● Action item: Give back an exact copy of the lines in the records below, from the line that has "Men's Slim Fit" through the line that has "no terfs in my kingdom sticker", and nothing besides.
_ _ _
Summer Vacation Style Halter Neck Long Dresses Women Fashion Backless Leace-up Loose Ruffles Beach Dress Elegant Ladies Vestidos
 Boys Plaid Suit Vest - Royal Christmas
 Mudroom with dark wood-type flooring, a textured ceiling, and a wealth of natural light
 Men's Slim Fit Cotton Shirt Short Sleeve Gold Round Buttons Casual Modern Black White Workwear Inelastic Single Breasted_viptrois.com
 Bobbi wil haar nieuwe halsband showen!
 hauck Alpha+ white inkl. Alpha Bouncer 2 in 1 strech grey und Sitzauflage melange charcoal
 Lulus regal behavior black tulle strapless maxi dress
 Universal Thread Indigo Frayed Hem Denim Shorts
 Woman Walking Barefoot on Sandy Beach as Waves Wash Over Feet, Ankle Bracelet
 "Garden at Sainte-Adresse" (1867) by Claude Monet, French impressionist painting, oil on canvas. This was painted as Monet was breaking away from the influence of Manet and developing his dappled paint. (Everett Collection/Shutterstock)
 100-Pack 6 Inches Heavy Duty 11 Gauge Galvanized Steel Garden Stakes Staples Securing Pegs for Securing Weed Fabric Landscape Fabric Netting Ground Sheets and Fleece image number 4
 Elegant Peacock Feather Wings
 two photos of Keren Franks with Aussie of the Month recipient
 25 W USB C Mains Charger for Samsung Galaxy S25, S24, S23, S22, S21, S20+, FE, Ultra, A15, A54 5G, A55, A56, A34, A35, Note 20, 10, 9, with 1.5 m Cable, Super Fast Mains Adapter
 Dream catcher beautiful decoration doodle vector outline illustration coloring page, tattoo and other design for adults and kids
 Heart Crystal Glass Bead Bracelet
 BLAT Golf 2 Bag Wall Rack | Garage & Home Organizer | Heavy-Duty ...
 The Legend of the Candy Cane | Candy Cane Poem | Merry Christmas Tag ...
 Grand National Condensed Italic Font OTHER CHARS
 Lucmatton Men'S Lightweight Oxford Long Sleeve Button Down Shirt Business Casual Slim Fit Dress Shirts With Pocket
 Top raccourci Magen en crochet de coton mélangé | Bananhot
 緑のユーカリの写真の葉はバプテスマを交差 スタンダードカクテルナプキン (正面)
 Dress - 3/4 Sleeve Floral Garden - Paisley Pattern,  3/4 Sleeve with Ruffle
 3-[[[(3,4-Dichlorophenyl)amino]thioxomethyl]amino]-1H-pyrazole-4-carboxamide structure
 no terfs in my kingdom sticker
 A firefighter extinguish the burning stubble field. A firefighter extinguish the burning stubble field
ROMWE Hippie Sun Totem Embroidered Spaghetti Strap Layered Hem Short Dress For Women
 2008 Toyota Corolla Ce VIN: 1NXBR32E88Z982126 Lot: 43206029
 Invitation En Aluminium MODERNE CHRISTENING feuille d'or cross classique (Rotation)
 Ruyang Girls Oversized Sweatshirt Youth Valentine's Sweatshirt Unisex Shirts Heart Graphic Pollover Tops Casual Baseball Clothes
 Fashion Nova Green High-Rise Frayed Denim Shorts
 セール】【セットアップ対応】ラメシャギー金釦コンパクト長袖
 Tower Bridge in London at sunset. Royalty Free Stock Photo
_ _ _
● Solution to this task:
 Men's Slim Fit Cotton Shirt Short Sleeve Gold Round Buttons Casual Modern Black White Workwear Inelastic Single Breasted_viptrois.com
 Bobbi wil haar nieuwe halsband showen!
 hauck Alpha+ white inkl. Alpha Bouncer 2 in 1 strech grey und Sitzauflage melange charcoal
 Lulus regal behavior black tulle strapless maxi dress
 Universal Thread Indigo Frayed Hem Denim Shorts
 Woman Walking Barefoot on Sandy Beach as Waves Wash Over Feet, Ankle Bracelet
 "Garden at Sainte-Adresse" (1867) by Claude Monet, French impressionist painting, oil on canvas. This was painted as Monet was breaking away from the influence of Manet and developing his dappled paint. (Everett Collection/Shutterstock)
 100-Pack 6 Inches Heavy Duty 11 Gauge Galvanized Steel Garden Stakes Staples Securing Pegs for Securing Weed Fabric Landscape Fabric Netting Ground Sheets and Fleece image number 4
 Elegant Peacock Feather Wings
 two photos of Keren Franks with Aussie of the Month recipient
 25 W USB C Mains Charger for Samsung Galaxy S25, S24, S23, S22, S21, S20+, FE, Ultra, A15, A54 5G, A55, A56, A34, A35, Note 20, 10, 9, with 1.5 m Cable, Super Fast Mains Adapter
 Dream catcher beautiful decoration doodle vector outline illustration coloring page, tattoo and other design for adults and kids
 Heart Crystal Glass Bead Bracelet
 BLAT Golf 2 Bag Wall Rack | Garage & Home Organizer | Heavy-Duty ...
 The Legend of the Candy Cane | Candy Cane Poem | Merry Christmas Tag ...
 Grand National Condensed Italic Font OTHER CHARS
 Lucmatton Men'S Lightweight Oxford Long Sleeve Button Down Shirt Business Casual Slim Fit Dress Shirts With Pocket
 Top raccourci Magen en crochet de coton mélangé | Bananhot
 緑のユーカリの写真の葉はバプテスマを交差 スタンダードカクテルナプキン (正面)
 Dress - 3/4 Sleeve Floral Garden - Paisley Pattern,  3/4 Sleeve with Ruffle
 3-[[[(3,4-Dichlorophenyl)amino]thioxomethyl]amino]-1H-pyrazole-4-carboxamide structure
 no terfs in my kingdom sticker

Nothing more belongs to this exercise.